Re: Link rot in Supreme Court decisions from Herbert van de Sompel on 2013-09-30 (www-tag@w3.org from September 2013)

From: Herbert van de Sompel <hvdsomp@gmail.com>
Date: Mon, 30 Sep 2013 12:04:57 -0600
To: Larry Masinter <masinter@adobe.com>
Cc: "ashok.malhotra@oracle.com" <ashok.malhotra@oracle.com>, Karl Dubost <karl@la-grange.net>, Mark Nottingham <mnot@mnot.net>, "www-tag@w3.org WG" <www-tag@w3.org>, Herbert van de Sompel <hvdsomp@gmail.com>
Message-ID: <CAOywMHfW2O6EqQSDkoaTorf2Ebi4r-S61BvtDZiqLWzcLV8tVw@mail.gmail.com>

On Sat, Sep 28, 2013 at 10:35 PM, Larry Masinter <masinter@adobe.com> wrote:
> to solve "link rot" you have to solve "storage rot":
>
> having a reliable archive for insuring permanent access to referenced material is both
> * necessary: without access to some representation of the material, the persistent pointer is useless
> * sufficient: any permanent way of accessing material must of necessity have an index system for identifying the material preserved.
>

For many web resources, prior versions are available from a variety of
sources, not just one source:
* crawl-based archives such as the Internet Archive, and national web
archives such as the British Library, the UK National Archives, and
the Icelandic web archives,
* subscription-based web archives such as Archive-It,
* on-demand web archives such as archive.is and perma.cc,
* transactional web archives, cf SiteStory, cf
http://mementoweb.github.io/SiteStory/,
* content management systems with time-based versioning such as
Wikipedia and all MediaWiki installations.

All these sources of resource versions have their own index, which in
essence contains the following information per version resource:
- URI-R of the original resource
- URI-M of the versioned resource
- version datetime

The Memento protocol specifies an interoperable approach to interact
with those indexes. It consists of two components:
- Datetime negotiation with a TimeGate for an original resource: Given
a URI-R of the original resource and a preferred datetime return a
URI-M for a versioned resource that is temporally close to the
preferred datetime. Note that for a CMS the exact version that was
active at the preferred datetime will be returned.
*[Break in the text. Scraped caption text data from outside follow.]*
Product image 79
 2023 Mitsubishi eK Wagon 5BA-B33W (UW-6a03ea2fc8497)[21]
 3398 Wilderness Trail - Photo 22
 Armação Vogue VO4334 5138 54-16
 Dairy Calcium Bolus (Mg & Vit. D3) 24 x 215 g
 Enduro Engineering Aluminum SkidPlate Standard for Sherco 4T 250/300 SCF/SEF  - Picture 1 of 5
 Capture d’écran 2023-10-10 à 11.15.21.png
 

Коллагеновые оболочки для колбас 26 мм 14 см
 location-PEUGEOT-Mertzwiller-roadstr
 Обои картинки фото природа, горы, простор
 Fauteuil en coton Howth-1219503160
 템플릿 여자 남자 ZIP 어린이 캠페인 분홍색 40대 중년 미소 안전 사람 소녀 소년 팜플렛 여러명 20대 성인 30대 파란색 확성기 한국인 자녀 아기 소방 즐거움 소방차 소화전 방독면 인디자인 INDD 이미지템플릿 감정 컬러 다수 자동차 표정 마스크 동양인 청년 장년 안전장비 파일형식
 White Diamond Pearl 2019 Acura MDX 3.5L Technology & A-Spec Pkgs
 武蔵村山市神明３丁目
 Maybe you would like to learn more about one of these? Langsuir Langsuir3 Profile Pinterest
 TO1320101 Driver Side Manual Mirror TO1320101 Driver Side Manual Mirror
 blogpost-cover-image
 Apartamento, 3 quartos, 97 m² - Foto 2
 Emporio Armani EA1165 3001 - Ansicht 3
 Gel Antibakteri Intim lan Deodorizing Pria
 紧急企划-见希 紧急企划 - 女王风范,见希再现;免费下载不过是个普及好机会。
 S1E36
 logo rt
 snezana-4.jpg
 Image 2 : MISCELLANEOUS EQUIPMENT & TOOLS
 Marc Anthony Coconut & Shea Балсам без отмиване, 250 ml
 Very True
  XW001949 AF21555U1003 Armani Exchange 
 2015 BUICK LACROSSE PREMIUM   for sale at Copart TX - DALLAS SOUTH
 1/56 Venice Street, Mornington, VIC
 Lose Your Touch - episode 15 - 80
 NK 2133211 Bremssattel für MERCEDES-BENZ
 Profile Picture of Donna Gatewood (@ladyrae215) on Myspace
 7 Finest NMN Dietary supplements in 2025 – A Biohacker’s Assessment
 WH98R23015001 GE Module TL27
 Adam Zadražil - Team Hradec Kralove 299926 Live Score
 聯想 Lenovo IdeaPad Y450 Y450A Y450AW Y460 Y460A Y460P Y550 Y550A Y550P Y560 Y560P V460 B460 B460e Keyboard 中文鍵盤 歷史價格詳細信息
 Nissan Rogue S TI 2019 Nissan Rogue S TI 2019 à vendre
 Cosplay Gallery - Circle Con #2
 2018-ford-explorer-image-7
For web archives,
how close the returned version is to the preferred datetime depends on
the coverage of the archive for the original resource.
- List of all versions of the original resource via a TimeMap for an
original resource: Such a list details the URI-R of the original
resource, and for each resource version the URI-M of a version
resource as well as its version datetime.

Some resources/servers express a preference for a certain archive. For
example, DBpedia provides an HTTP Link pointing at the DBpedia
Archive. Most resources don't, in which case a Memento client will
decide itself which archive to interact with. The Memento extension
for Chrome that will be pre-released today, allows a user to set a
preference for a default web archive.

Admittedly, these sources of prior resource versions do not cover all
prior versions of all resources. But there's a significant body of
prior resource versions out there. For example, the Internet Archive
is said to currently contain 335 billion archived web resources. To
put it differently, there's a significant body of URIs out there for
which machine-actionable temporal information added to a link, as
proposed in the document I shared, would be useful rather than
useless. Hence, it would be nice to see a discussion that is more
about that aspect of the reference rot problem that is addressed in
the document I shared, and less about those aspect that the document
has no proposal for and for which it relies on ongoing international
efforts pertaining to web archiving.

Cheers

Herbert

-- 
Herbert Van de Sompel
Digital Library Research & Prototyping
Los Alamos National Laboratory, Research Library
http://public.lanl.gov/herbertv/

==

Received on Monday, 30 September 2013 18:05:28 UTC